I will most definitely choose to read, understand, and try to digest what the people I mention say. It doesn’t mean i completely agree or buy into their logic. No does it make me any less scientific than you. I can try to understand ideas and theories without drinking the kool-aid. Again, agreeing with you for the mot part. 

What I don’t agree with is the absolute closed mindedness and quick dismissal of anything that challenges pre existing data. 

I’m happy your journey has lead you to where you are happy with your audio equipment and complete understanding of your preferences.


----------



## bigshot (Dec 19, 2022)

Science builds on existing data and it revisits prior studies if the studies built on previous findings indicate that there’s something not following expected conclusions. The AES does many many studies that are based on the thresholds I mentioned. Some of the figures I cited come from the AES. It makes no sense to assume that a study is wrong because no one has gone back and reinvented the wheel with it lately. If these thresholds are incorrect, the error will reveal itself. If these high end audio types can prove they’re wrong, they know how to submit their studies to the AES for peer review.

It’s more logical to assume that the reason these guys haven’t challenged the established JDDs is because they know it wouldn’t stand up to peer review. It’s a lot safer to make spurious claims in a YouTube video with an intended audience of customers. There’s no accountability there. You just delete the comments on your video that disagree with you.

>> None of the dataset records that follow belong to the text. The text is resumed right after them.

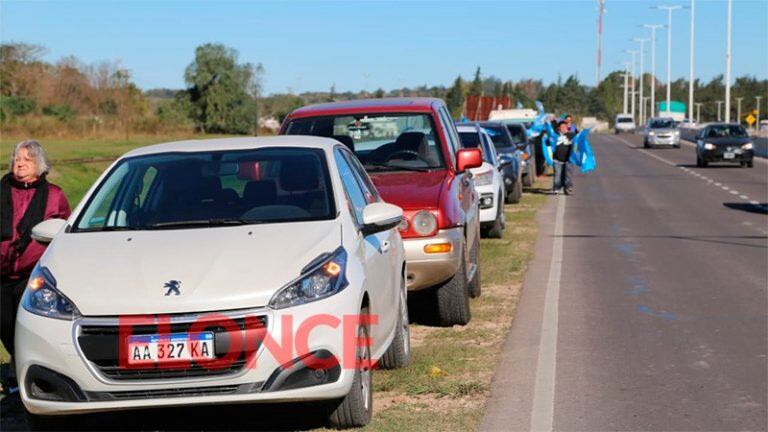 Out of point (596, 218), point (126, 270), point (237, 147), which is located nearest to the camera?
point (126, 270)

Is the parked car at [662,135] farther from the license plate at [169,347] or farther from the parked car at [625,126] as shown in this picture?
the license plate at [169,347]

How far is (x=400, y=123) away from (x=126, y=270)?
529cm

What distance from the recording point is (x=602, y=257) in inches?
590

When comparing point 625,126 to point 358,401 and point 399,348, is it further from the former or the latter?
point 358,401

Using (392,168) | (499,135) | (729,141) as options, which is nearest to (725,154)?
(729,141)

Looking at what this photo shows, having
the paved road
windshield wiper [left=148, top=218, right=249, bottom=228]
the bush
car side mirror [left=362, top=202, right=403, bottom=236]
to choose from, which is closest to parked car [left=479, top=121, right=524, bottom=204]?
the paved road

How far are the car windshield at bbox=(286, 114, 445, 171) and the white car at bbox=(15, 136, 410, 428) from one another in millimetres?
3791

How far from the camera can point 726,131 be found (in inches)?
1619

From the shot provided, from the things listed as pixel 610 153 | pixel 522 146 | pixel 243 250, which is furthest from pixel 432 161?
pixel 610 153

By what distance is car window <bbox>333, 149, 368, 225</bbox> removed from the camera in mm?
7184

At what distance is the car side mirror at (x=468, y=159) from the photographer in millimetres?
10438

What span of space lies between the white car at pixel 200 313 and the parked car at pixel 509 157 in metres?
16.7

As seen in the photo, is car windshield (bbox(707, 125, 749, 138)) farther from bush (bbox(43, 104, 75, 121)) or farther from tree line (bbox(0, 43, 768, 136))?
bush (bbox(43, 104, 75, 121))

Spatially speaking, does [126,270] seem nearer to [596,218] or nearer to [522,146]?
[596,218] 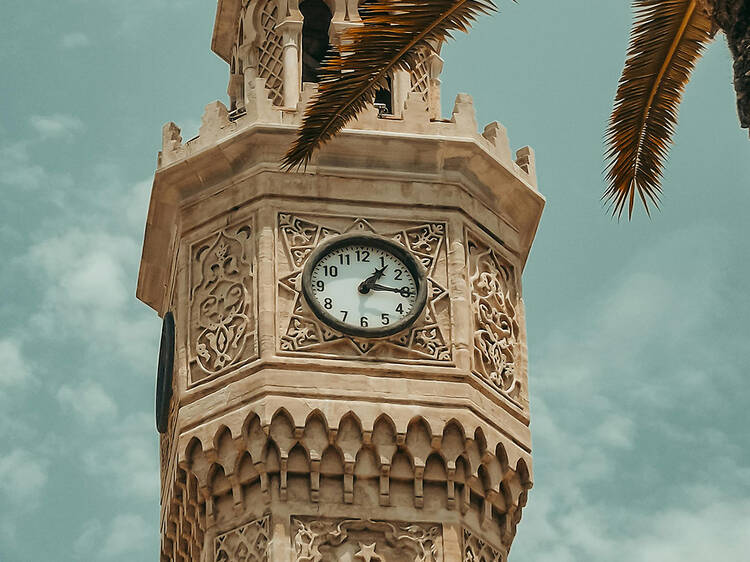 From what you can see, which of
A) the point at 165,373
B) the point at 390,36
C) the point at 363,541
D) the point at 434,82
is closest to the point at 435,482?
the point at 363,541

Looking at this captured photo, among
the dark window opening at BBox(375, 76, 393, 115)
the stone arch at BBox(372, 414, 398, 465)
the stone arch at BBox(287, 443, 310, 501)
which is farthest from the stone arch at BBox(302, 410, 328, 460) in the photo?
the dark window opening at BBox(375, 76, 393, 115)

But again, you can believe salesmen if you want. I happen to think the whole industry of high end audio is based on stretched truths, exaggerations and outright lies.


----------



## T 1000 (Dec 20, 2022)

well fine
@castleofargh
Since I can't reply to the thread you addressed me on (then it's a monologue or something else...)
To be honest, I wanted to apologize to everyone for misplacing my experiences (I think I should have backed them up with Scientific evidence), but then I saw your rebuke and realized that even my apology for calling someone ignorant would be one-sided, because how much many times they called what I was saying foolish (with your approval and encouragement). gregorio may have a rule of 42, and others may share their experiences if it fits your propaganda, but my rule of 42 is trolling. I don't understand why you don't support your claims with scientific evidence. I am not alone with what I am sharing, my experiences are identical to many meny other with identical experiences, but then you say that we are all in an illusion, a self-deception. You actually don't have relevant measurements and scientific evidence against any of my claims. You can't even have any because I'm not the only one who experiences what I claim. The truth is a double-edged sword. I see you (you know who I mean) as trolls in Sound Science, because you actually defy every scientific doctrine, and the ironic thing is that you keep referring to science.
I know how you deal with dissenters and how this post will end, but the message has been delivered to your consciousness
I don't care that you are so passionate about your position, but many inexperienced people will not even start research because they blindly believe you, and that bother me
I also know how you will take all this
"you don't want to listen, nor do you want to learn"
Thank you for that, but accepting your teaching would be a major degradation of my audio experience.
I would sincerely like, and I invite you to deny me the opportunity to participate in the whole "Sound Science"
The stupid me always beats the smart me, so despite the obvious, I keep coming back here.
There is no food for the brain here, only rot.


----------



## gregorio

Daniel Johnston said:


> I still think stupid is harsh and unfairly labels those who question/disagree with the power or validity of the studies.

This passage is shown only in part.